◆ Task goal
Find the line below with "Used 2021 Jaguar F-PACE SVR AWD/4WD image 26". Print it and every line after it exactly, through the last line, leaving out the pictures.

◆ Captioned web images

>>>

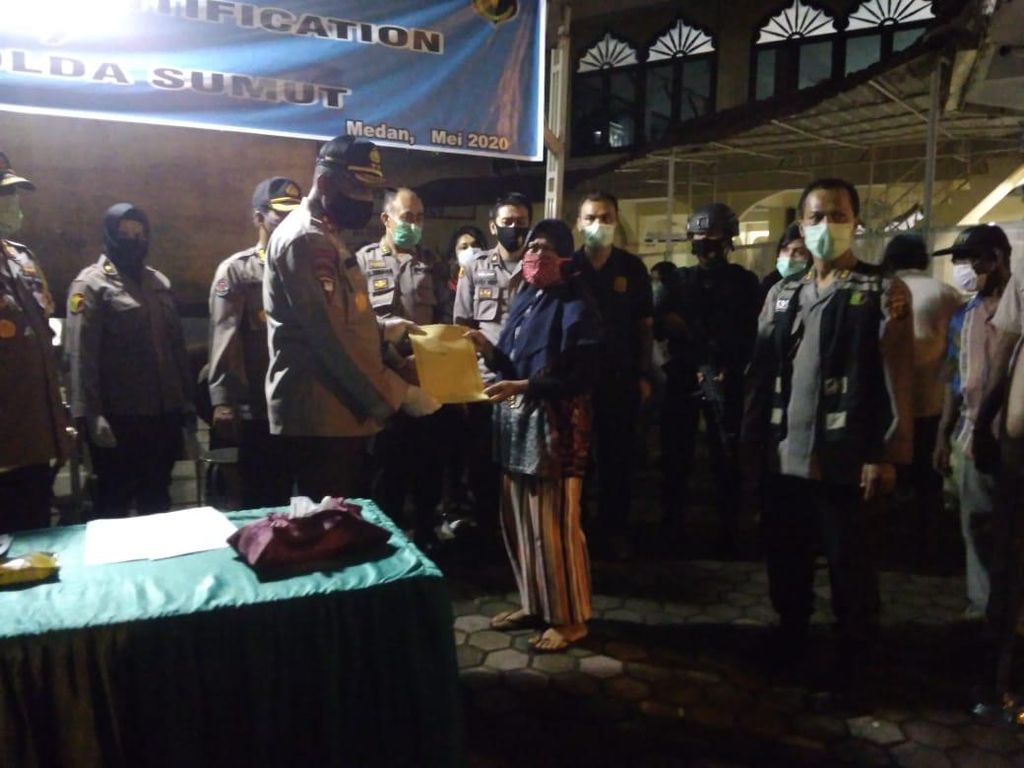 Polisi Periksa 12 Saksi Terkait Kebakaran Kapal Tanker di Belawan Medan Polisi Periksa 12 Saksi Terkait Kebakaran Kapal Tanker di Belawan Medan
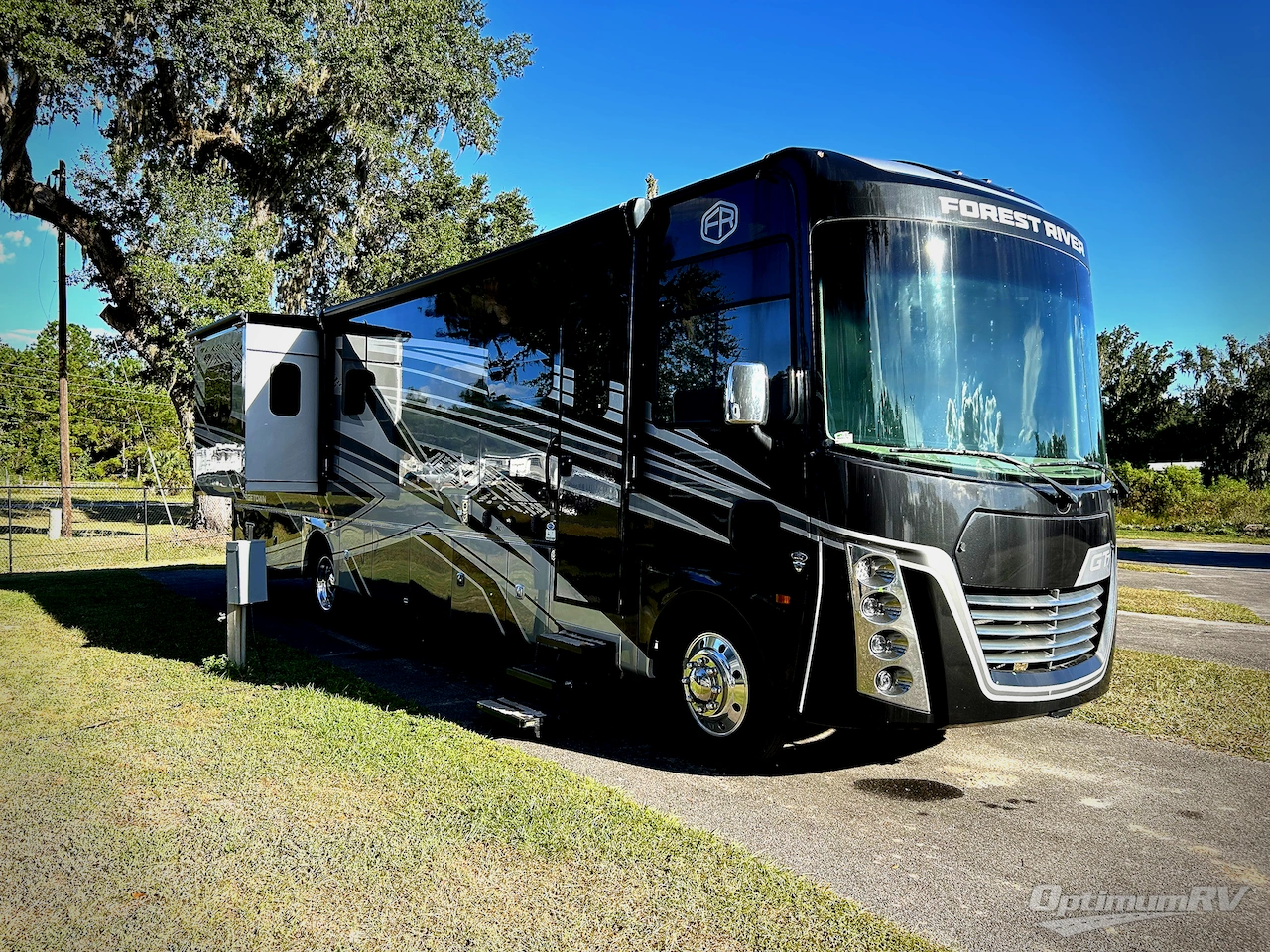 2025 Forest River Georgetown 7 Series 36D7 Photo 1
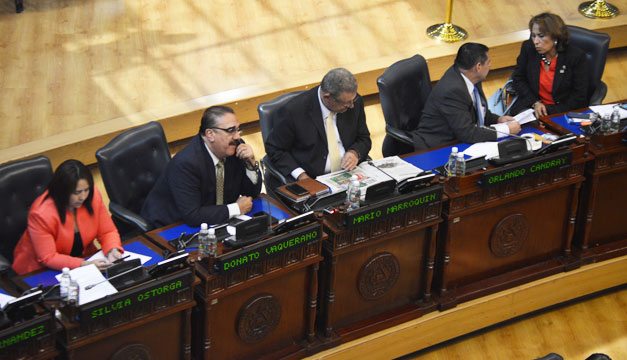DIPUTADOS
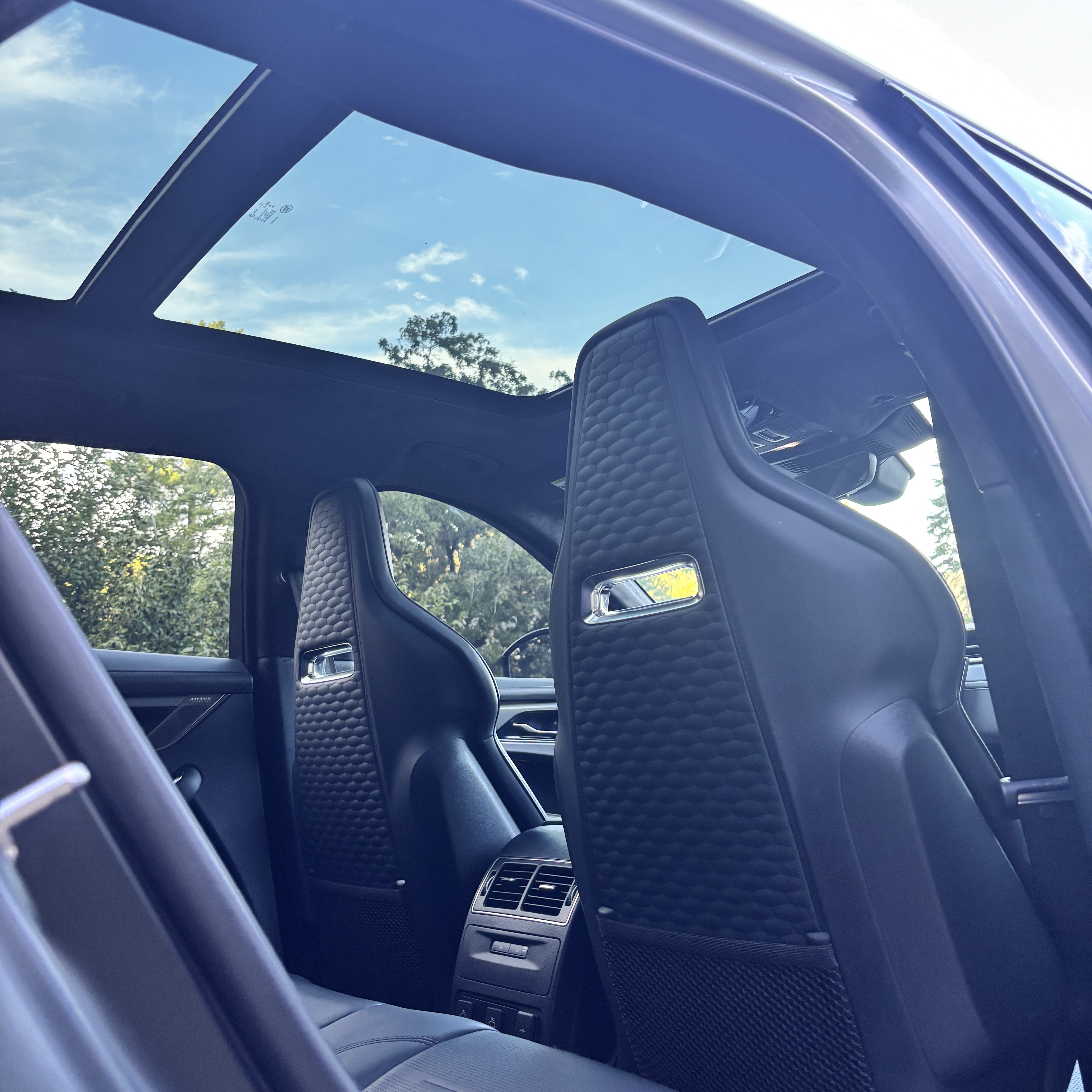 Used 2021 Jaguar F-PACE SVR AWD/4WD image 26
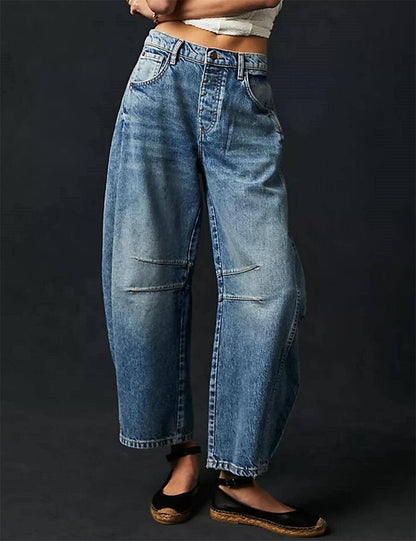 Keep it Classy Barrel Jeans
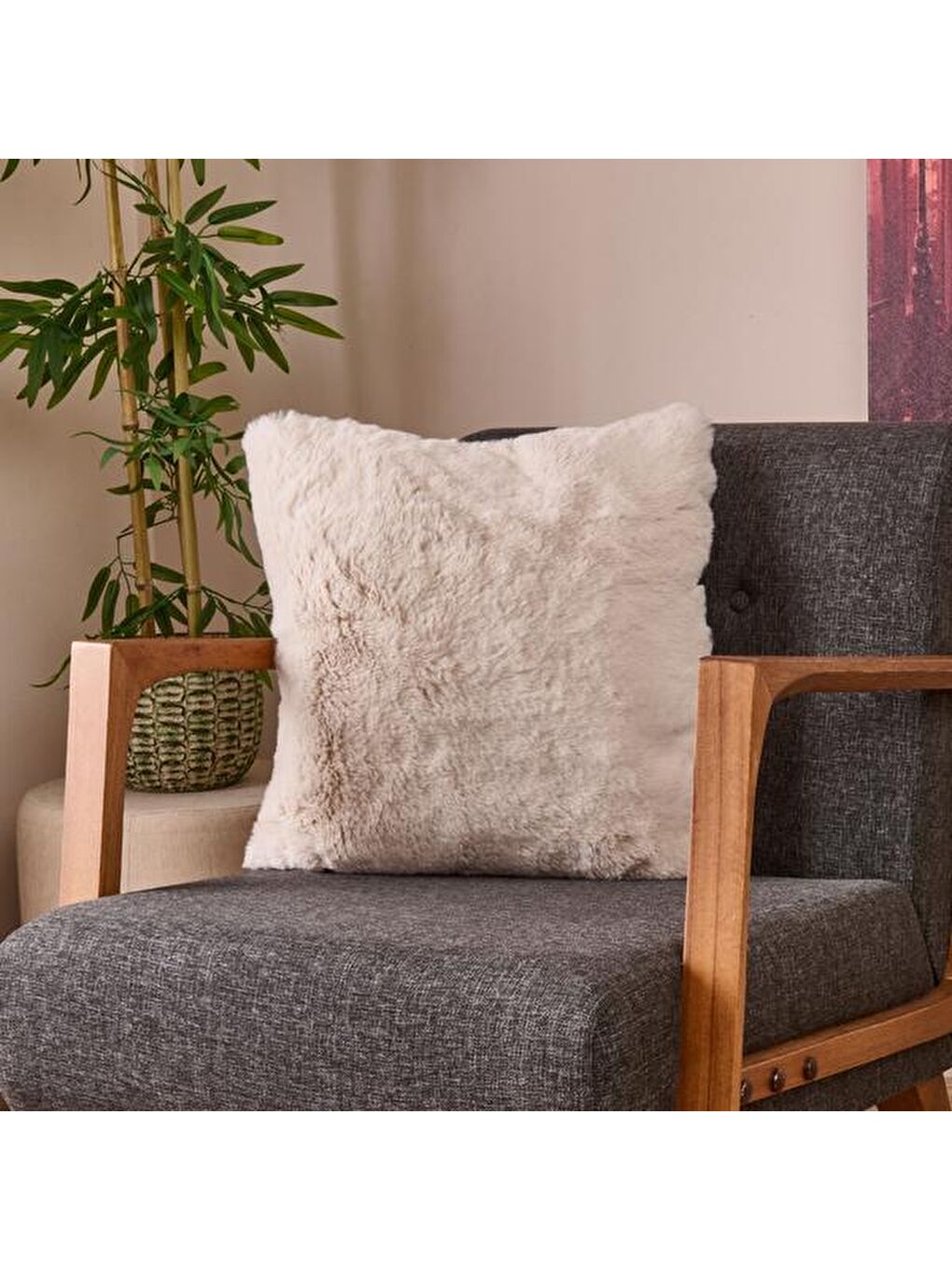 Soft Post Kırlent - Ekru - 45x45 cm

<<<

◆ Problem solution
 Used 2021 Jaguar F-PACE SVR AWD/4WD image 26
 Keep it Classy Barrel Jeans
 Soft Post Kırlent - Ekru - 45x45 cm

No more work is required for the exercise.